Turner – which co-produced the event with its friends at CBS Sports – has access to many of the technological enhancements that CBS will bring to its linear television coverage over the weekend. There’s the GolfTrax and Toptracer technology – available on all 18 holes this year – plus ARL Virtual Eye on 14 holes and Hawk-Eye Green Technology on four holes (11,12,15, and 17). GolfTrax showcases virtual animations of yardages, ball locations and pin placements for every hole. Hawk-Eye Green Technology meanwhile is a graphical representation of green undulations and project putt paths. Toptracer, meanwhile, shows ball flight, curve, ball speed and trajectory on approach shots.

Other than those features that are already baked into the production plans of the entire show, Gary Treater, general manager of PGA.com for Turner Sports, says his team wants to keep the stream clean for fans of the game to enjoy the action.
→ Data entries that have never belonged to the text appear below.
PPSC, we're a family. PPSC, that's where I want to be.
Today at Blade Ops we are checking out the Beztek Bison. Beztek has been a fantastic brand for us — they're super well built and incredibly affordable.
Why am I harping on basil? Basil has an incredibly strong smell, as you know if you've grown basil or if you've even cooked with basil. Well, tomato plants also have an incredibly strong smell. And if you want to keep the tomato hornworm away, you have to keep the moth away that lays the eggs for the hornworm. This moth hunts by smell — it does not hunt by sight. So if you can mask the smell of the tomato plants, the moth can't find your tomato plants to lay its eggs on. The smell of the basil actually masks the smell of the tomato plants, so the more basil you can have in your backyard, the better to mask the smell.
“We’re constantly trying new technologies to see how they impact the fan experience,” says Treater. “If we try something and see it didn’t move the needle, we won’t repeat it. We don’t do technology for technology’s sake. We tend to get the hardcore fan that comes to watch a Featured Group. So we, oftentimes, do what works and what we know enhances the product and not let too much get in the way of the action. There’s no question that the stuff that we are doing with TopTracer and GolfTrax, and the other animated elements that we’re doing definitely enhances the fan’s understanding, but it’s not too much that it gets in the way.”
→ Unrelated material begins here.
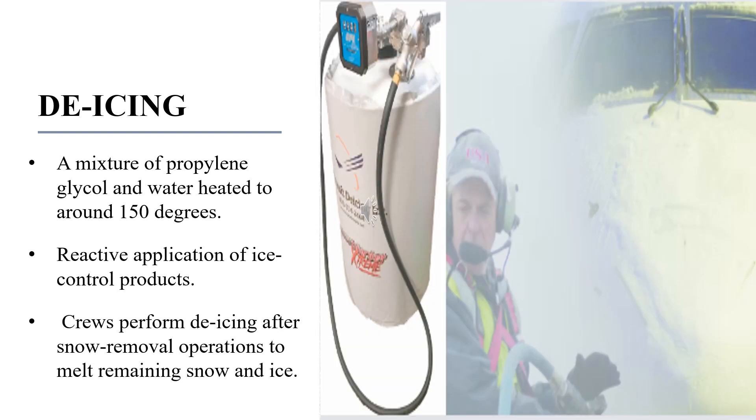De-icing is a reactive application of ice control products to surfaces to melt existing snow and ice. De-icing is performed after snow removal operations to melt remaining snow and ice. It is basically the process of removing snow, ice, or frost from a surface. The de-icing solution is a mixture of propylene glycol and water heated to around 150 degrees and sprayed under pressure to the wings of an aircraft, and it is effective for around 22 minutes.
The Featured Group production team also has access to use feeds from any drone or blimp aerial cameras being used on the linear show. There’s also three rf cameras deployed across the course that are at their disposal.

Turner’s production and operations infrastructure dedicated to the tournament’s digital and social efforts are impressive – both on-site on Long Island and back home in Atlanta. In the compound, NEP’s Supershooters 15 and ST28 (a B unit), in addition to more than 50 production personnel, are responsible for the Featured Group coverage on PGA.com and the PGA app. In addition, there’s six social content gatherers running and gunning on the course with six writers stationed in the media center.
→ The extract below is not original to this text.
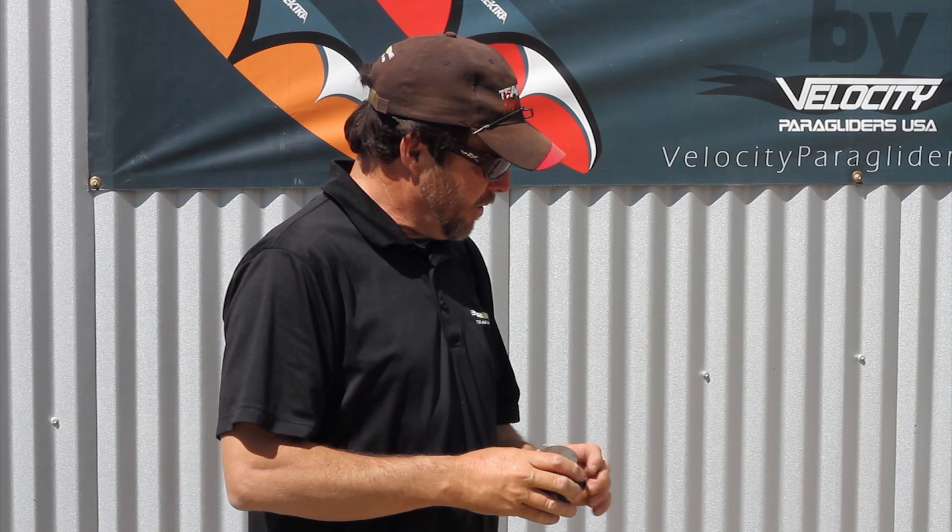Hi there, I'm Mike Robinson with Blackhawk Paramotor USA and today we have another tips and tricks for you. What we're going to cover is torquing the head and cylinder down on both the 125 and an Air Max. This torquing procedure also covers every other paramotor manufacturer's motor, so you can use it on any motor you'd like.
Chris Brown, senior director of operations, Turner Sports

According to Chris Brown, Senior Director of Operations for Turner Sports, the B unit used to be a home for the social content team in previous years but with that talent more mobile on the course and leveraging the media room, the B unit is now dedicating to the streaming of press conferences and other content (via LiveU) back to Atlanta or directly to the PGA suite of products

Meanwhile, down in Turner’s Techwood center in Atlanta, about 50-60 people are producing unique VOD content, clipping/posting highlights, monitoring the health of live streams, and much more.

The PGA Championship App is available on iOS and Android devices, as well as Roku platforms. All social content can be seen on Twitter @PGA & @PGAChampionship handles with all-access coverage from the driving range to the course and into the press room. Real-time highlights, round recaps, and live press conferences will also be available across Facebook, Twitter, Instagram and YouTube.

PGA Digital also has added a couple of other fun and helpful features, including better up-to-the-minute coverage for users of the PGA app while on the course as a spectator at Bethpage Black. Also, Turner partnered with TopGolf to create a game where users can play homes designed to replicate the exact layouts of select holes being played by the pros on the course this weekend.

[UPDATE: May 20, 12:05 p.m. ET] This story was updated with new streaming and social media metrics made available from Turner Sports PR.